Compact, clever, agile, and brave. The Hungarian Pumi is a nimble herding dog that loves to work. They combine the biddability and intelligence of a herding dog with the alertness and activity level of a terrier. Because of this, they are ideal dogs for active homes where they can expend energy jogging, chasing tennis balls, working on obedience, or their natural talent: herding. They are also making a mark in the world of agility dogs, despite being a fairly rare breed. While Pumik are appreciated for their high intelligence and activity level, it should be noted that their work ethic rarely crosses the line into obsession.
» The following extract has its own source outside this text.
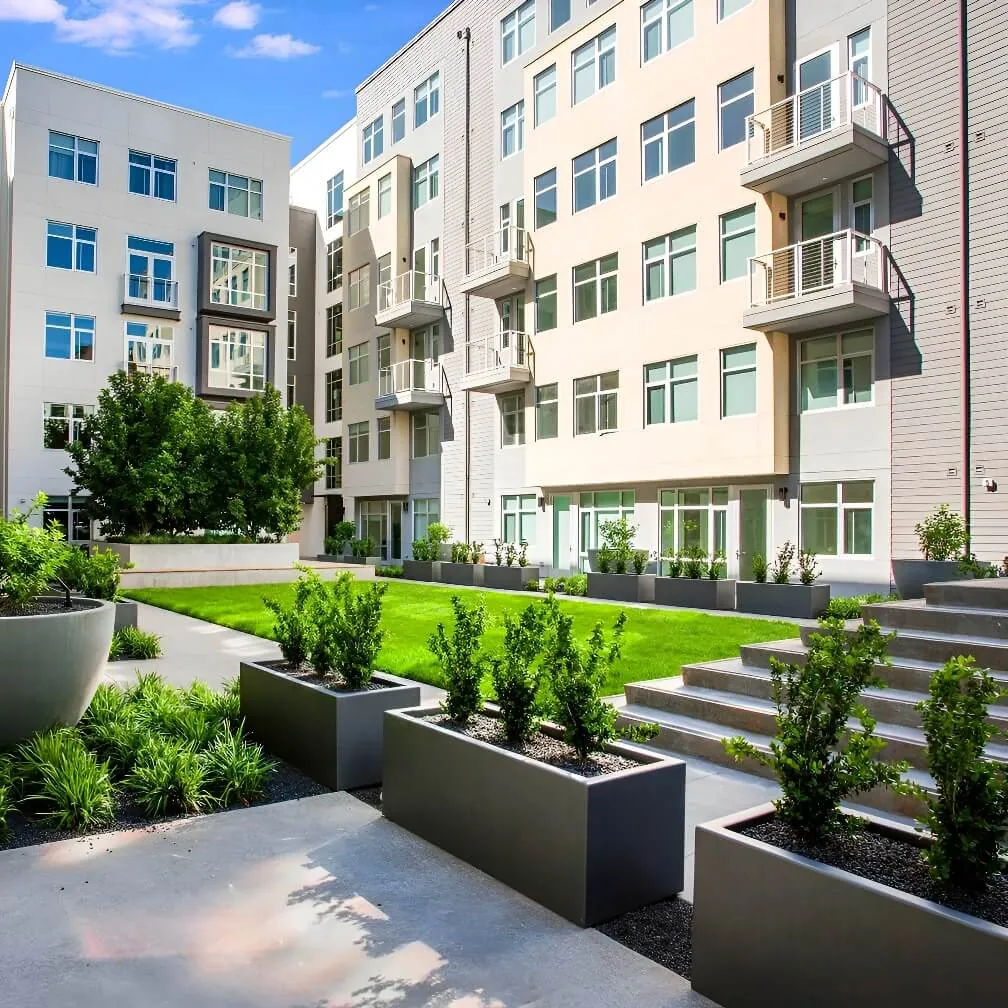 An interior courtyard corner of the Alta Laguna Multifamily Housing development in San Francisco showing a bright green lawn surrounded by pastel colored facades punched with square windows and small balconies.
Pumik typically weigh in at 22-29 pounds and stand 15-18.5 inches tall, with females generally lighter and about an inch shorter. Their life expectancy is 12-13 years. Their coats are corkscrew-curled, and range from black, white, grey, or fawn (from pale cream to red). Their coats don't require a huge amount of maintenence and they are minimal shedders. Combing and wetting every 3-6 weeks or as needed, and grooming every 3-4 months is necessary, however.
They make wonderful housedogs with early socialization and regular exercise and stimulation. Some Pumik (but not all) may be prone to barking, which can be problematic in some homes (e.g. apartment).
Each AKC approved purebred breed has its own national club. The mission of these “parent breed clubs” is to improve and preserve a particular breed by advancing knowledge about its history, its health and care requirements and by assuring that the breed’s form and function remain true to its historical physical type and character: A Dalmatian, for instance, should be athletic and have a natural affinity for working with horses. A Fox Terrier should have the right body size and shape, and a drive to go after vermin.
Pet owners, breeders, trainers, veterinarians, and others with a special love for a breed, join the parent breed club to meet like-minded enthusiasts and to support the club’s mission.
The national parent breed club is the first place for the public to go to learn about a breed or find a knowledgeable, experienced breeder.